I’m running 347.88 on Win7/x64 with CUDA 7.0 (final) and Nsight 4.6.

I’m seeing terrible spillage and a resulting 7x reduction in performance on dozens of kernels in an unchanged codebase. I’m only focusing on sm_50 right now.

I was running CUDA 7.0.18 RC and Nsight 4.5.x. It worked fine.

Reverting immediately.

My kernel runs reasonably fast with CUDA 6.5. One of my old kernels even runs faster with 6.0.
But with CUDA 7.0 (and RC), the spills go from 0 to 384 bytes.

It also produces some really silly assembly:

MOV R33, R81;
MOV R34, R82;
MOV R14, R62;

Something like that repeated for 20 lines.

However, if I use 7.0 to compile the ptx generated by 6.5, everything works just as fine.

I think the last resort for really high performance is to use maxas by Scott, but the documentation is really difficult for me to understand.
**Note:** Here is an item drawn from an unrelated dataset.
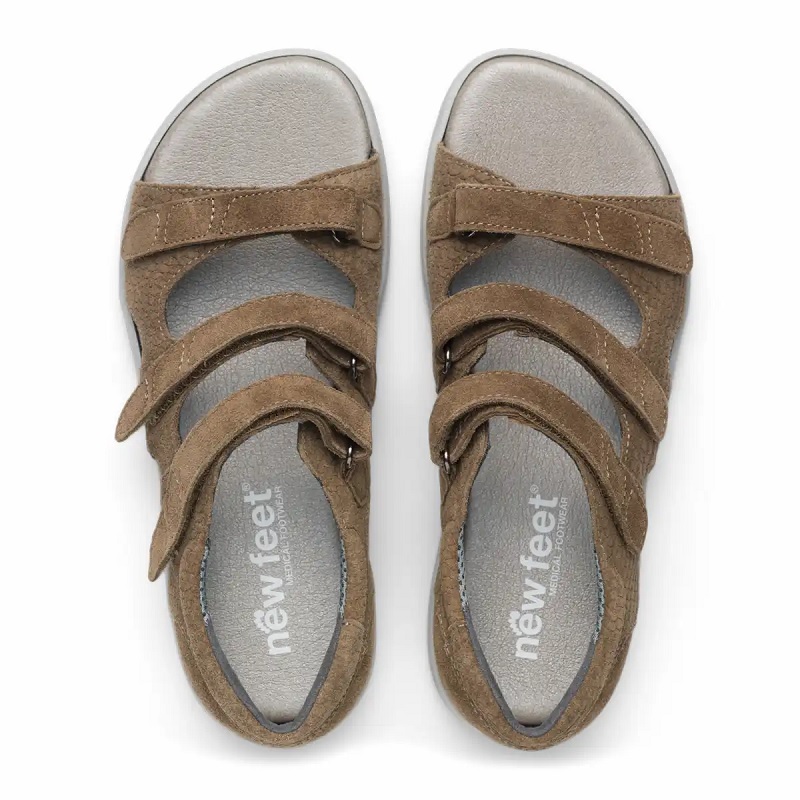 New Feet Sandal Sand med tre kardborreremmar ovanifrån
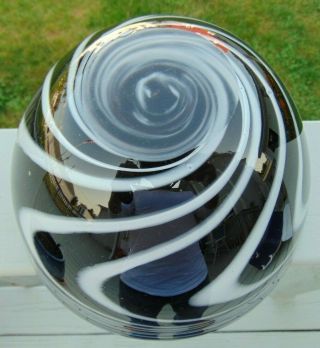 Vintage Murano Studio Hand Crafted Art Glass Heavy Serving Bowl Black Swirl 3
Bummer. The observation that the PTX from CUDA 6.5 compiled with PTXAS from CUDA 7.0 delivers good code is interesting, because the previous reports of weird code generation with CUDA 7.0 seemed to be more indicative of an issue inside the CUDA 7.0 PTXAS. It is of course entirely possible that there is more than one code generation issue, or a problem of interference between the compiler front-end and back-end (what I like to call an “impedance mismatch”).

Whatever the underlying root cause(s), I would encourage all CUDA programmers who encounter such regressions to report them via the bug reporting form that is linked from the CUDA registered developer website.
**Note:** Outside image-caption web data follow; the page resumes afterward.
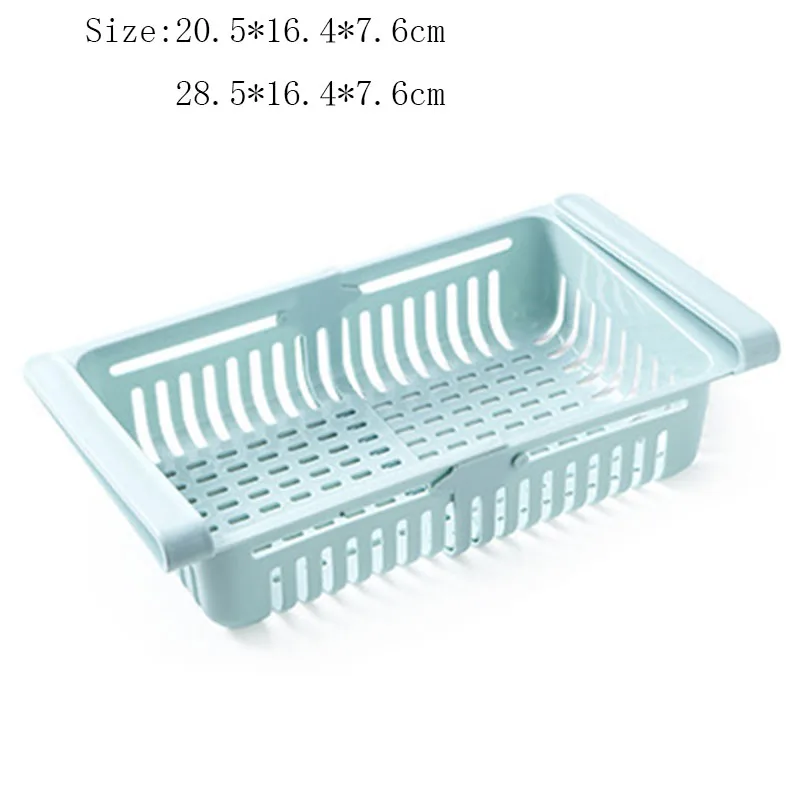 

1PC Adjustable Stretchable Fridge Organizer Drawer Basket Refrigerator Pull-out Drawers Fresh Spacer Layer Storage Rack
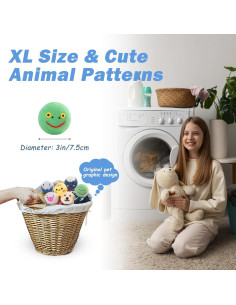 Bolas de Secado de Lana FUTURE FOOT XL 6 Piezas Animales 2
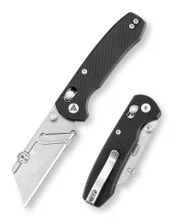 Trivisa Puppy-BG Folding Knife Black G10 Handle SK5 Plain Edge Stonewash Finish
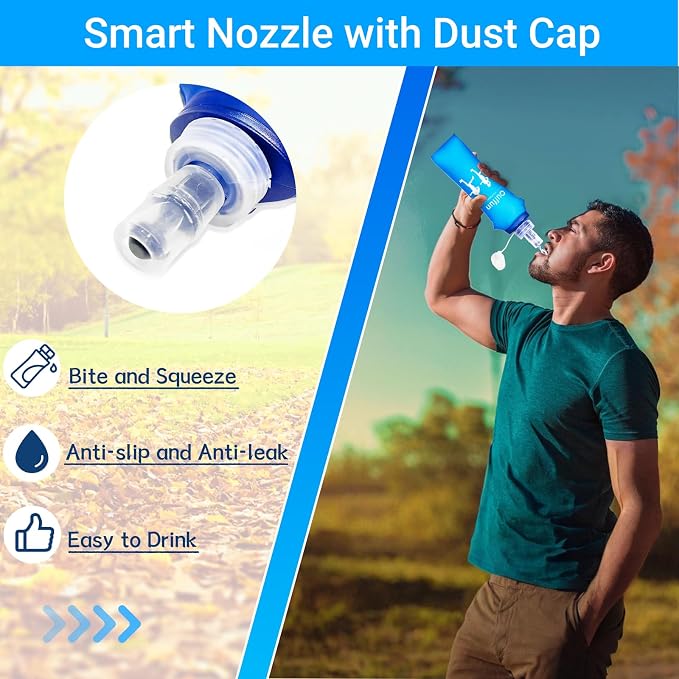 2 Pack Soft Water Bottle, TPU Collapsible Flask Foldable Bottles - Image 3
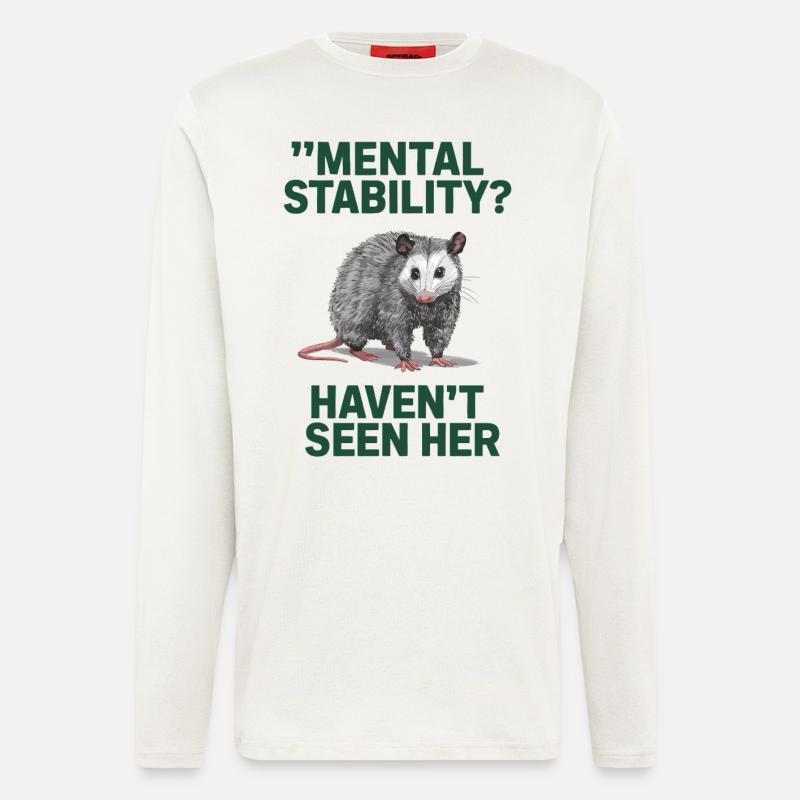 Chaos mit Stil – Opossum Look - Langarmshirt - made by SPREAD  - OFF WHITE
@ilway25, I was hoping your observation would also work for my kernels.

I just tried ptxas 7.0.27 on PTX emitted by 6.5 and unfortunately it didn’t resolve my unexpected spills. :(

As @njuffa notes, it could be more than one issue. Yikes!

I am really pleased with CUDA 7.0.18 RC…

Hopefully this gets resolved soon and we’ll see a minor update.

i’ve seen, description is here
https://devtalk.nvidia.com/default/topic/821817/cuda-programming-and-performance/a-performance-regression-on-cuda-7-0-final/?offset=3#4496364

regression at 2 times on Kepler 3.5 (GTX Titan) with using 255! register per thread

@allanmac :

Could you please help to provide a test case(or ptx) to reproduce and investigate the performance regression in the CUDA 7.0 final release? thanks.

I also so a decrease in performance of around 20% - 30% in my simulation. This happens if I compile my program under CUDA 6.5 and run it using the CUDA 7 drivers. I have not tested compiling under CUDA 7 yet.

I am running the code on a 780M through MacOS X 10.10.2.

I’ll also post a bug report.